Start of GIVEN MATERIAL
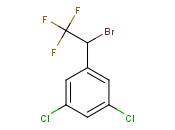1-(1-Bromo-2,2,2-trifluoro-ethyl)-3,5-dichloro-benzene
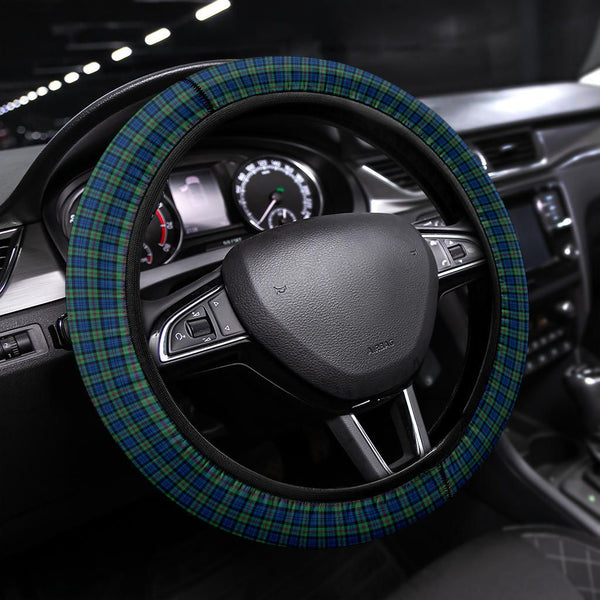 Baird Ancient Tartan Steering Wheel Cover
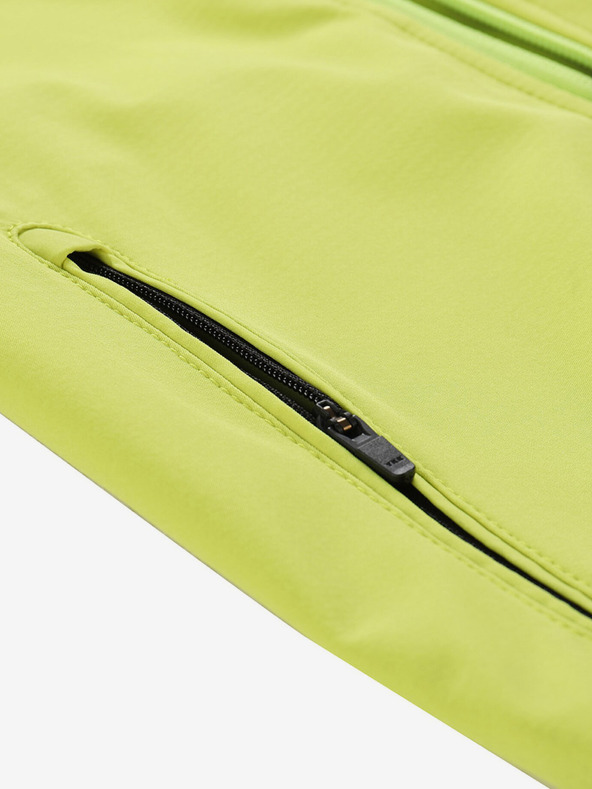 ALPINE PRO Jachetă softshell pentru copii ALPINE PRO Geroco verde deschis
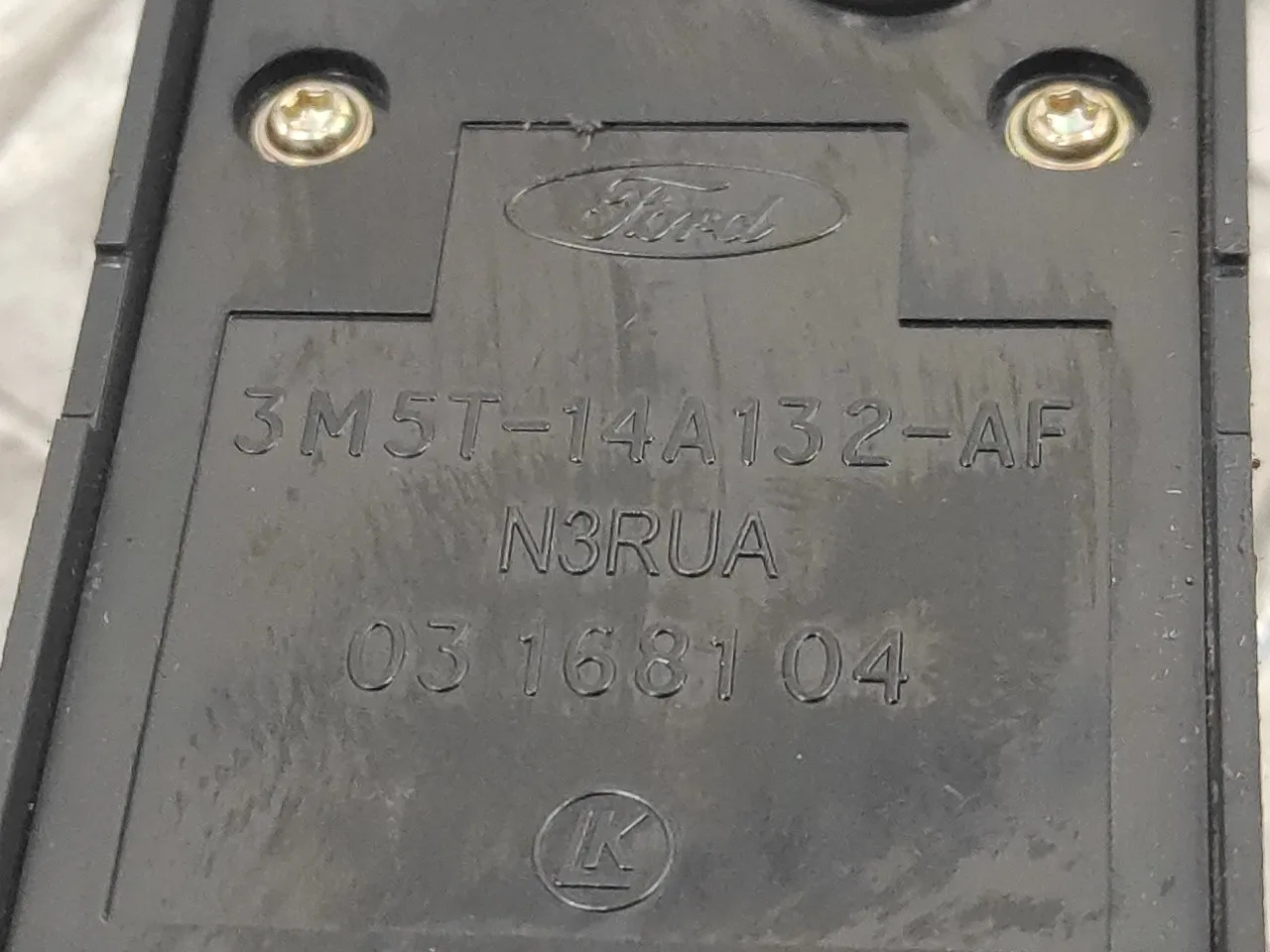 Mando Elevalunas Delantero Izquierdo para Ford Focus C-Max (Cap)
End of GIVEN MATERIAL
EXERCISE DETAILS
Copy the listing above verbatim; the pictures it contains are to stay out.

THE COMPLETED TASK
1-(1-Bromo-2,2,2-trifluoro-ethyl)-3,5-dichloro-benzene
 Baird Ancient Tartan Steering Wheel Cover
 ALPINE PRO Jachetă softshell pentru copii ALPINE PRO Geroco verde deschis
 Mando Elevalunas Delantero Izquierdo para Ford Focus C-Max (Cap)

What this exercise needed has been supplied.